⟨

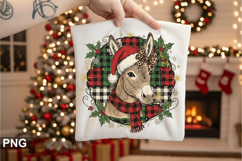 Christmas Cow Sublimation - Christmas PNG Design Product Image 3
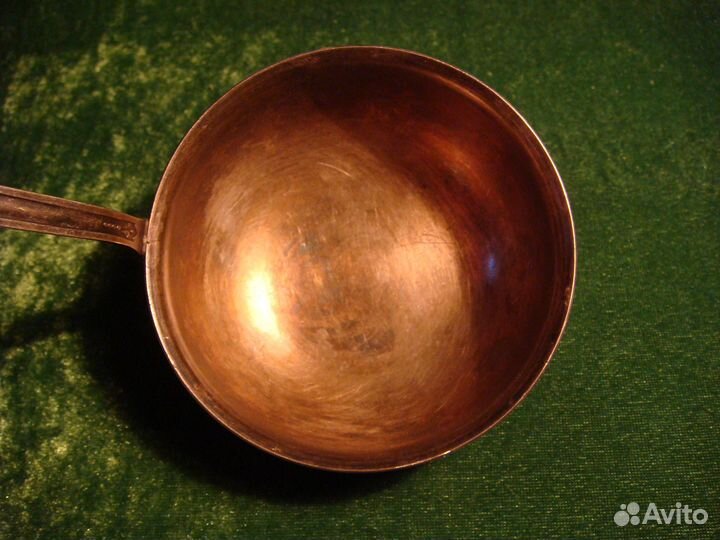 Половник Старинный Мельхиоровый Серия Пламя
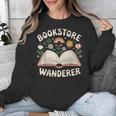 Bookstore Wanderers Retro Women Book Lovers Unisex Sweatshirt Bookstore Wanderers Retro Women Book Lovers Unisex Sweatshirt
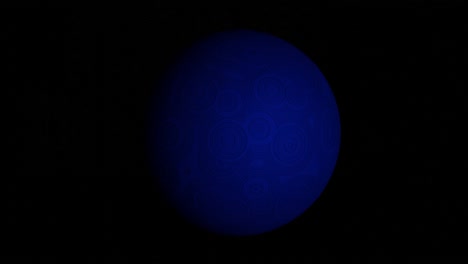 abstract blue planet with circles pattern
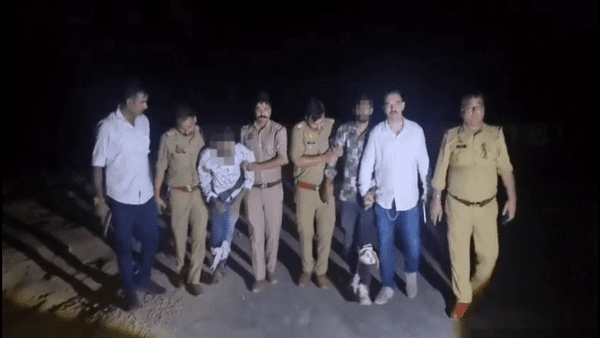 आगरा में पुलिस की बड़ी सफलता: ताजगंज मुठभेड़ में दो शातिर बदमाश गिरफ्तार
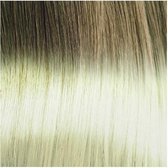 SARA - Premium vezel deel-monofilament pruik #Natuurlijke platina Swirl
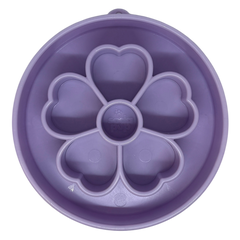 Flower eBowl Deep Slow Feeder Dog Bowl for Enrichment | USA Made
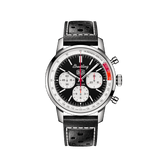 Breitling Top Time B01 Deus Black Dial Black Leather Strap Watch for Men - AB01765A1B1X1 Authentic Buy Shop Now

⟩

(YOUR ASSIGNMENT): When you set down the material above, keep every word exact and include no pictures.

(OUTPUT):
 Christmas Cow Sublimation - Christmas PNG Design Product Image 3
 Половник Старинный Мельхиоровый Серия Пламя
 Bookstore Wanderers Retro Women Book Lovers Unisex Sweatshirt Bookstore Wanderers Retro Women Book Lovers Unisex Sweatshirt
 abstract blue planet with circles pattern
 आगरा में पुलिस की बड़ी सफलता: ताजगंज मुठभेड़ में दो शातिर बदमाश गिरफ्तार
 SARA - Premium vezel deel-monofilament pruik #Natuurlijke platina Swirl
 Flower eBowl Deep Slow Feeder Dog Bowl for Enrichment | USA Made
 Breitling Top Time B01 Deus Black Dial Black Leather Strap Watch for Men - AB01765A1B1X1 Authentic Buy Shop Now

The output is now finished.